--- SOURCE DATA Enclosed Below ---

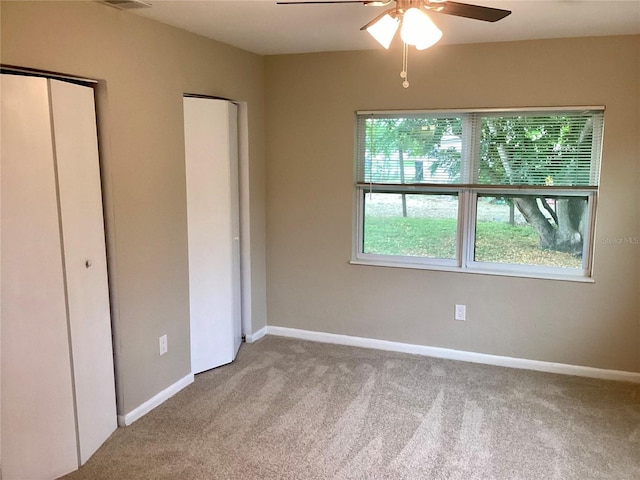 unfurnished bedroom with multiple closets, ceiling fan, and light colored carpet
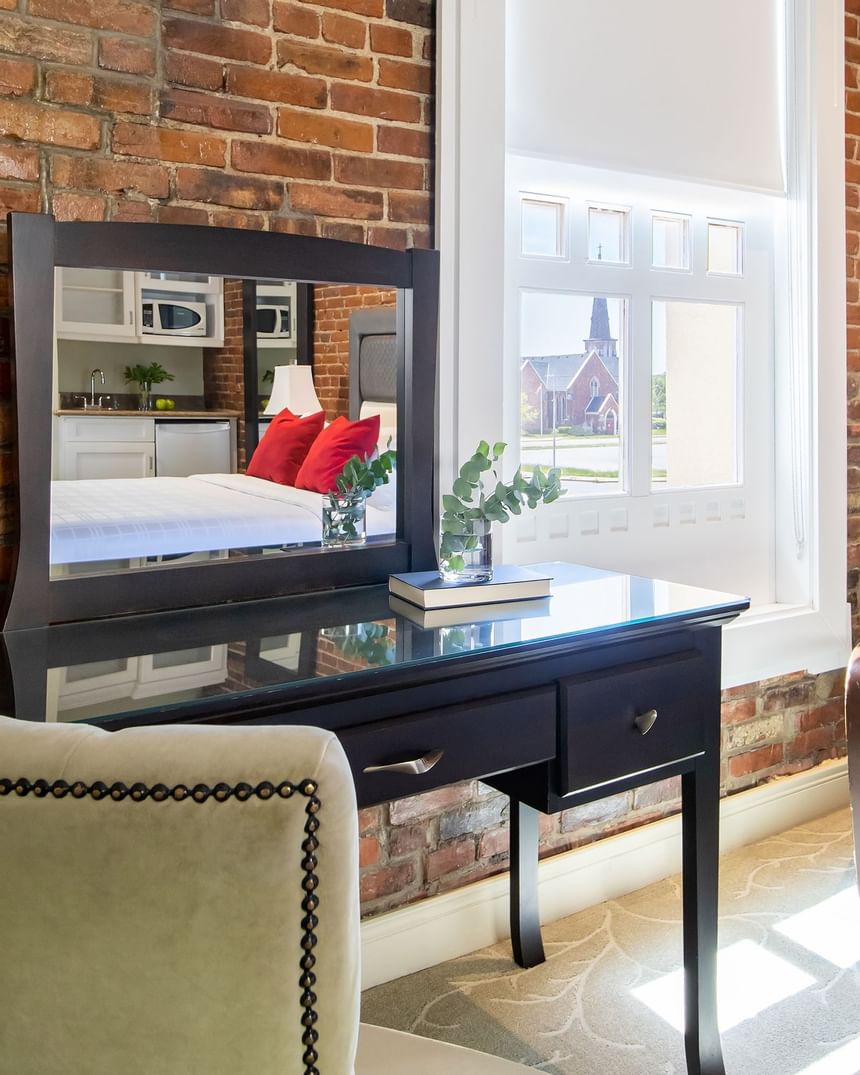 mirrored desk with chair near big window with exposed brick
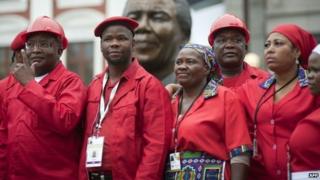 Members of the Economic Freedom Fighters(EFF) pose for a photo in front a bust of Nelson Mandela at the South African parliament on 21 May 2014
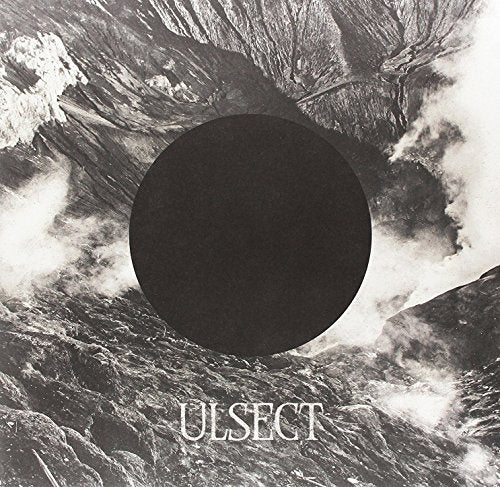 Dark album cover with a black circle and textured, cloudy landscape.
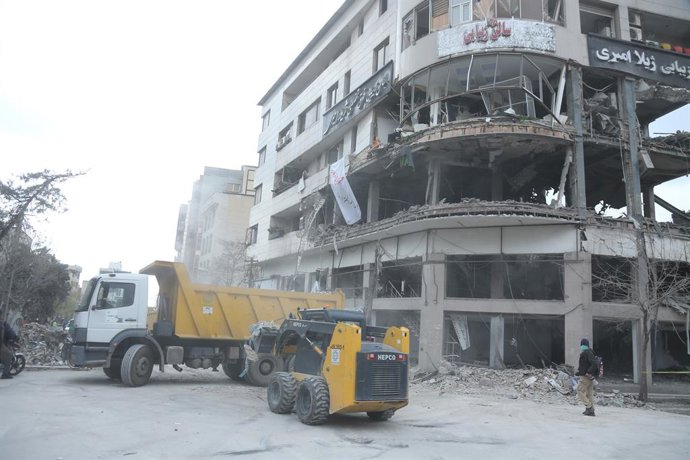 TEHRAN, March 30, 2026  -- This photo taken on March 29, 2026 shows vehicles removing debris outside the building that houses the offices of the Qatari Al Araby TV after a missile strike in Tehran, Iran. The Qatari Al Araby TV said on Sunday that its offi
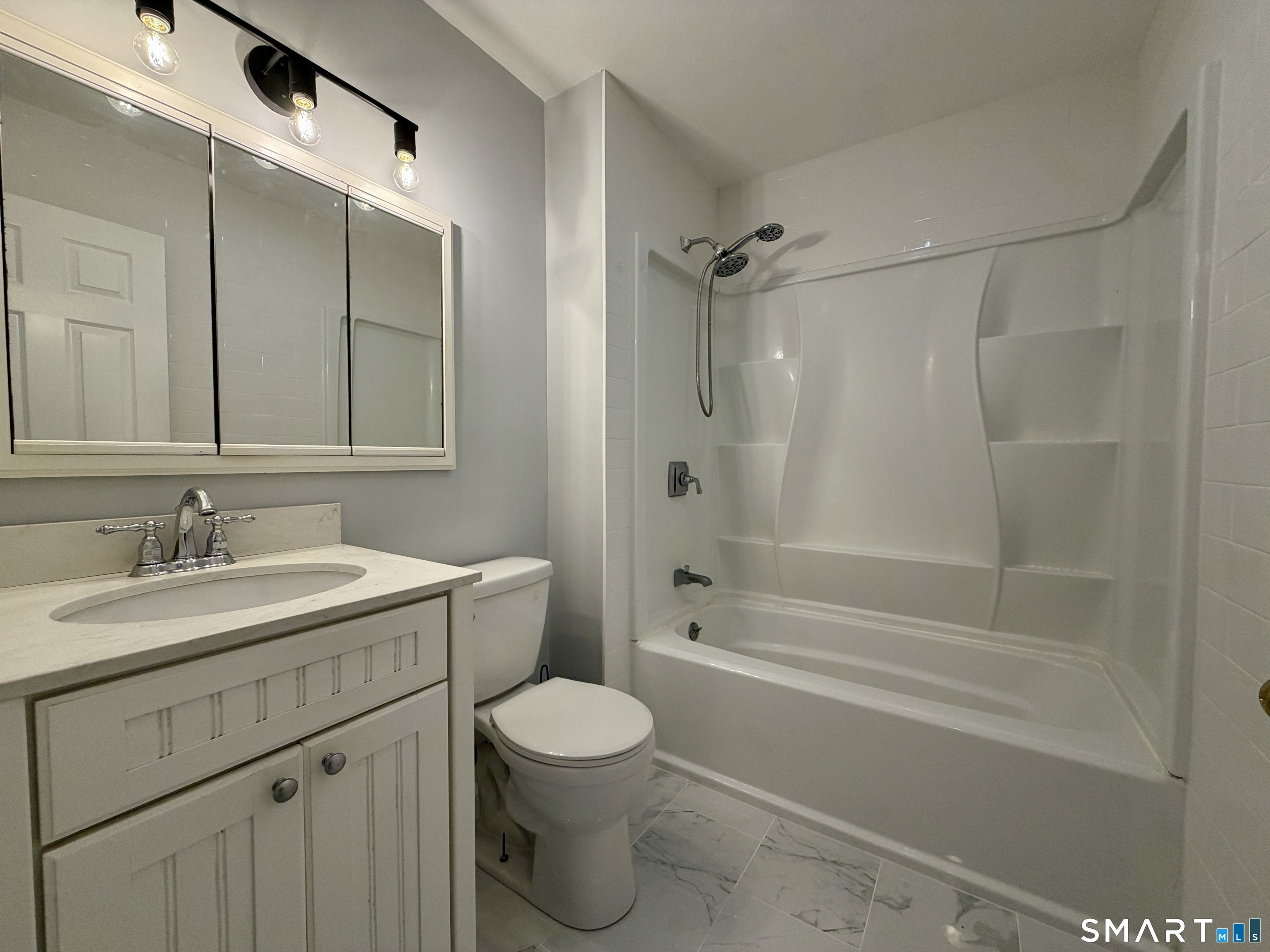 154 East Main Street, Unit A Branford, CT 06405 - Photo 9 of 17 a bathroom with a sink toilet vanity and shower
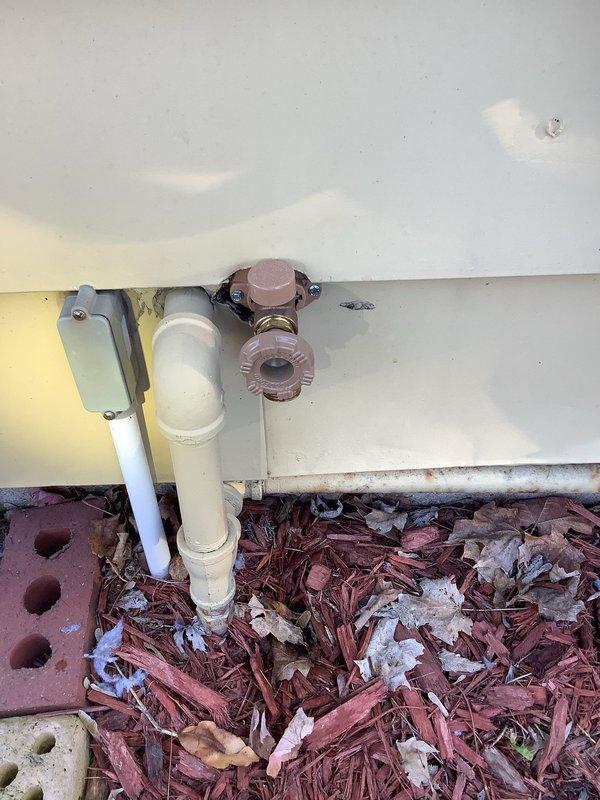 # Plumbing Leak Repair - Exterior Hose Spigot and Related Interior Leaks

Responded to a plumbing leak emergency at a 1955-built residence where an exterior hose spigot had been actively leaking for two days, with associated leaks manifesting inside the home. Upon arrival, performed comprehensive inspection of the exterior wall penetration point and traced the water supply line from the outside spigot through the wall cavity to identify all leak sources.

The exterior hose bib showed signs of valve stem failure and compromised packing, with visible water damage and staining on the white siding surrounding the copper pipe penetration point. The copper supply line exhibited corrosion consistent with the age of the home's original plumbing system. Water infiltration had traveled along the pipe pathway through the exterior wall, causing interior leak issues.

Shut off the main water supply to prevent further water damage. Removed the failed hose spigot assembly and inspected the copper sup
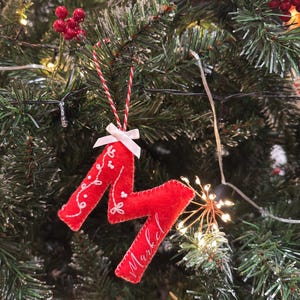 Könnte beinhalten: Roter Weihnachtsbaumschmuck aus Filz in Form des Buchstabens "M" mit dem Namen "Markel" in weißer Schrift. Der Schmuck ist mit weißer floraler Stickerei und einer kleinen weißen Schleife verziert und wird an einer rot-weißen Schnur aufgehängt.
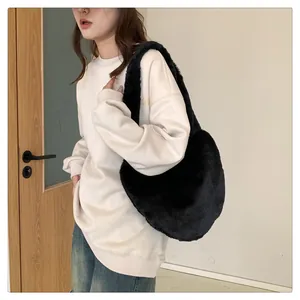 Nahaufnahme der weichen schwarzen Kunstfell-Textur und des breiten Trägers der Wintertasche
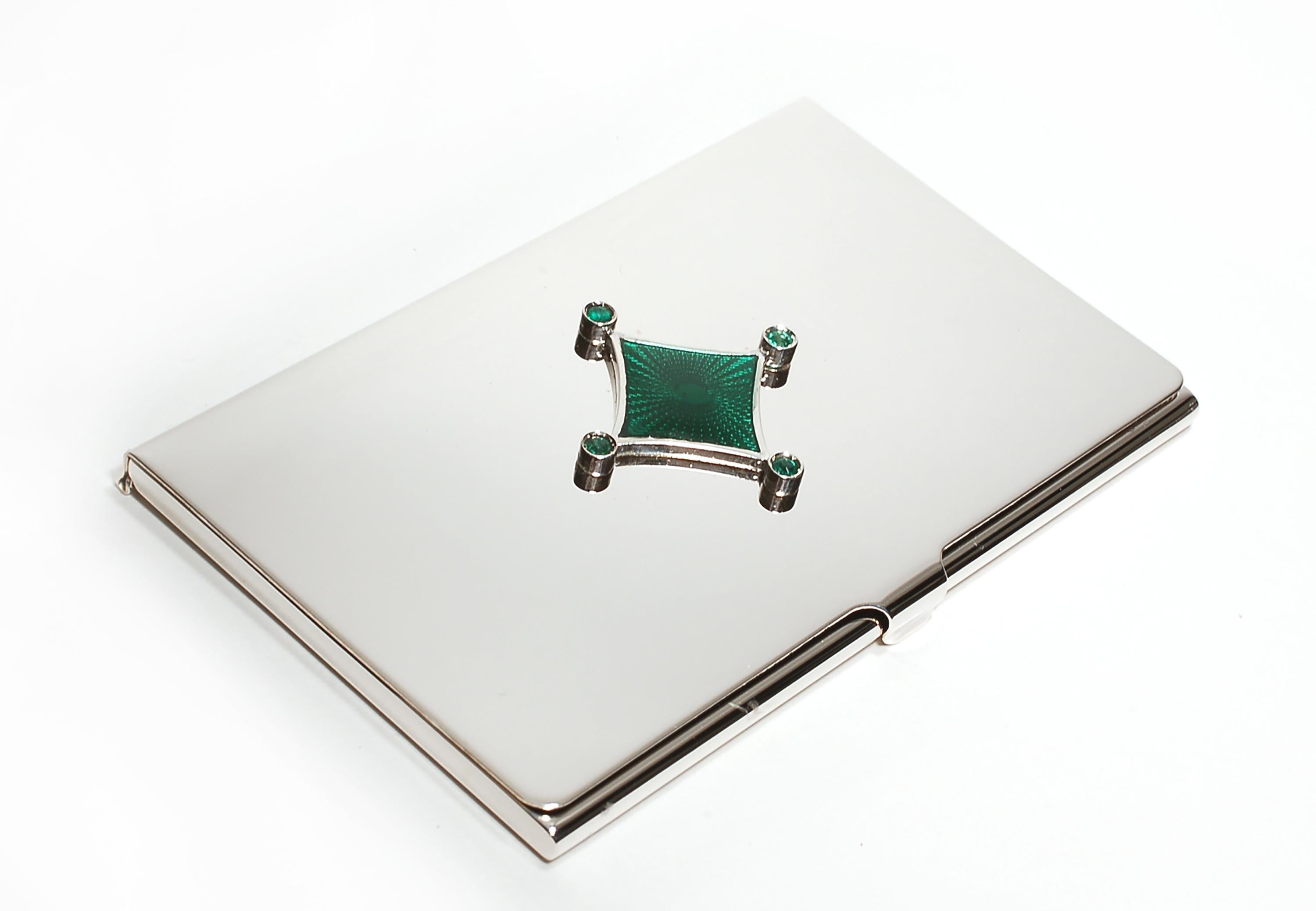 20th-century sterling silver Guilloché green enamel card case
Round emeralds weighing 0.45 carats
Handmade in Italy
White gold plated
The Ocie Minaudiere collection was created to incorporate precious gemstones into evening luxury Minaudière
Ocie's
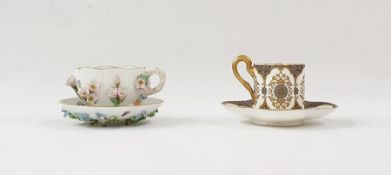 Dresden china cabinet cup and saucer, each lobed, the cup applied and painted numerous floral
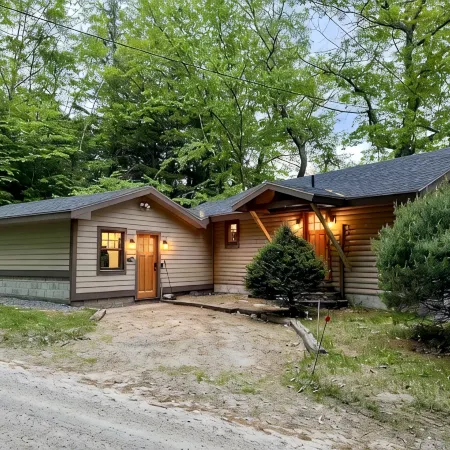 Lakefront cabin with dock, hot tub, fire pit!!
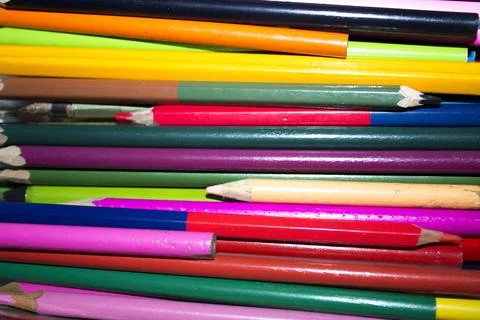 Colored pencils lying in irregular row on white background Stock Photos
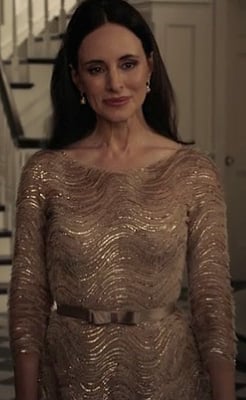 Victoria's gold dress with swirls and bow belt on Revenge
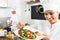 Woman chef serving fresh salad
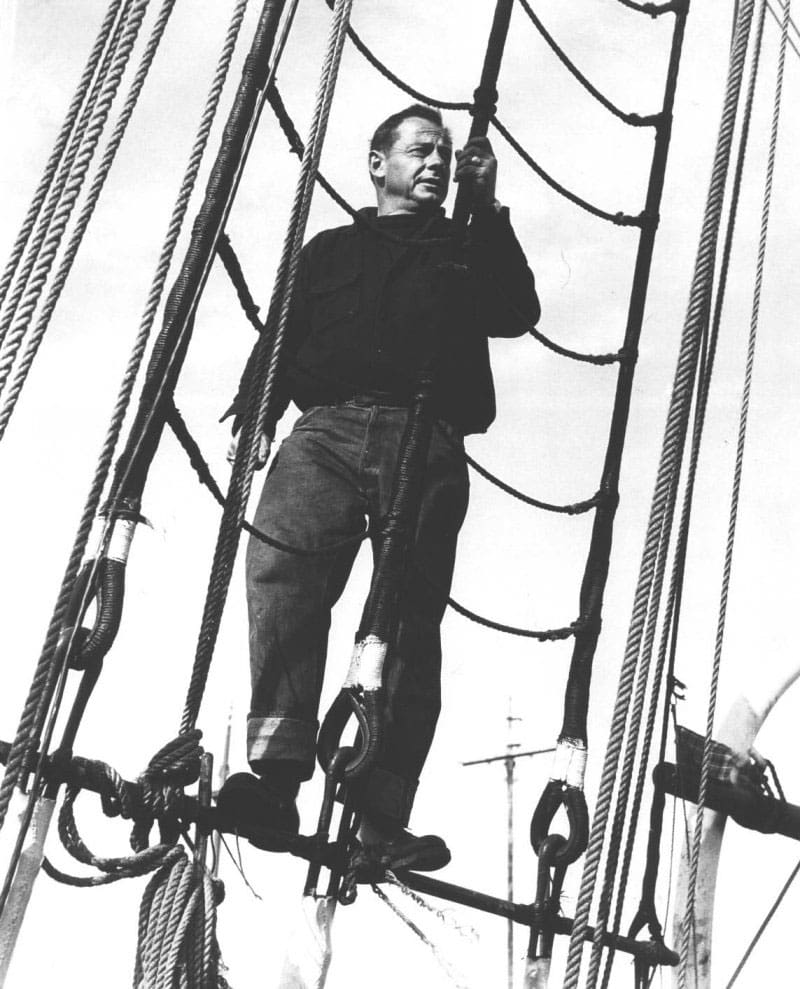 Ernest K. Gann in the rigging of Albatros.  The brigantine was built in  the Netherlands and Gann kept the Dutch spelling of the name. 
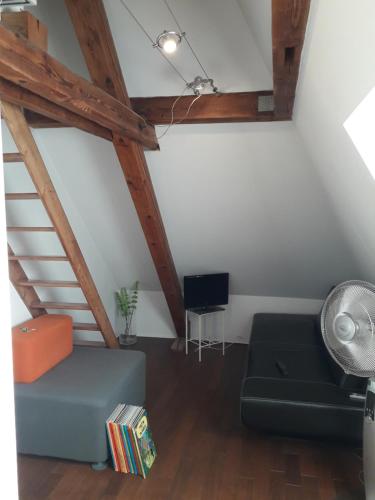 Χώρος καθιστικού στο Chambres chez Jean Luc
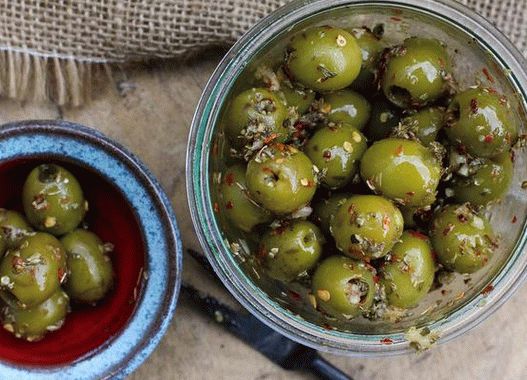 Photo Pickled olives with rosemary, red chili, orange and paprika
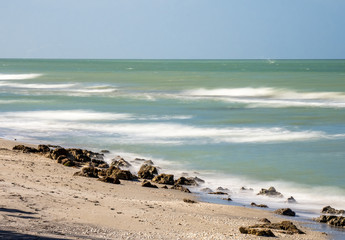 Fototapeta na wymiar Long exposure to blur water of Gulf of Mexico at Caspersen Beach in Venice Florida USA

--- End of Enclosed SOURCE DATA ---

● YOUR GOAL: Output the data above exactly; pictures do not belong in the copy.

● RESULT:
 unfurnished bedroom with multiple closets, ceiling fan, and light colored carpet
 mirrored desk with chair near big window with exposed brick
 Members of the Economic Freedom Fighters(EFF) pose for a photo in front a bust of Nelson Mandela at the South African parliament on 21 May 2014
 Dark album cover with a black circle and textured, cloudy landscape.
 TEHRAN, March 30, 2026  -- This photo taken on March 29, 2026 shows vehicles removing debris outside the building that houses the offices of the Qatari Al Araby TV after a missile strike in Tehran, Iran. The Qatari Al Araby TV said on Sunday that its offi
 154 East Main Street, Unit A Branford, CT 06405 - Photo 9 of 17 a bathroom with a sink toilet vanity and shower
 # Plumbing Leak Repair - Exterior Hose Spigot and Related Interior Leaks

Responded to a plumbing leak emergency at a 1955-built residence where an exterior hose spigot had been actively leaking for two days, with associated leaks manifesting inside the home. Upon arrival, performed comprehensive inspection of the exterior wall penetration point and traced the water supply line from the outside spigot through the wall cavity to identify all leak sources.

The exterior hose bib showed signs of valve stem failure and compromised packing, with visible water damage and staining on the white siding surrounding the copper pipe penetration point. The copper supply line exhibited corrosion consistent with the age of the home's original plumbing system. Water infiltration had traveled along the pipe pathway through the exterior wall, causing interior leak issues.

Shut off the main water supply to prevent further water damage. Removed the failed hose spigot assembly and inspected the copper sup
 Könnte beinhalten: Roter Weihnachtsbaumschmuck aus Filz in Form des Buchstabens "M" mit dem Namen "Markel" in weißer Schrift. Der Schmuck ist mit weißer floraler Stickerei und einer kleinen weißen Schleife verziert und wird an einer rot-weißen Schnur aufgehängt.
 Nahaufnahme der weichen schwarzen Kunstfell-Textur und des breiten Trägers der Wintertasche
 20th-century sterling silver Guilloché green enamel card case
Round emeralds weighing 0.45 carats
Handmade in Italy
White gold plated
The Ocie Minaudiere collection was created to incorporate precious gemstones into evening luxury Minaudière
Ocie's
 Dresden china cabinet cup and saucer, each lobed, the cup applied and painted numerous floral
 Lakefront cabin with dock, hot tub, fire pit!!
 Colored pencils lying in irregular row on white background Stock Photos
 Victoria's gold dress with swirls and bow belt on Revenge
 Woman chef serving fresh salad
 Ernest K. Gann in the rigging of Albatros.  The brigantine was built in  the Netherlands and Gann kept the Dutch spelling of the name. 
 Χώρος καθιστικού στο Chambres chez Jean Luc
 Photo Pickled olives with rosemary, red chili, orange and paprika
 Fototapeta na wymiar Long exposure to blur water of Gulf of Mexico at Caspersen Beach in Venice Florida USA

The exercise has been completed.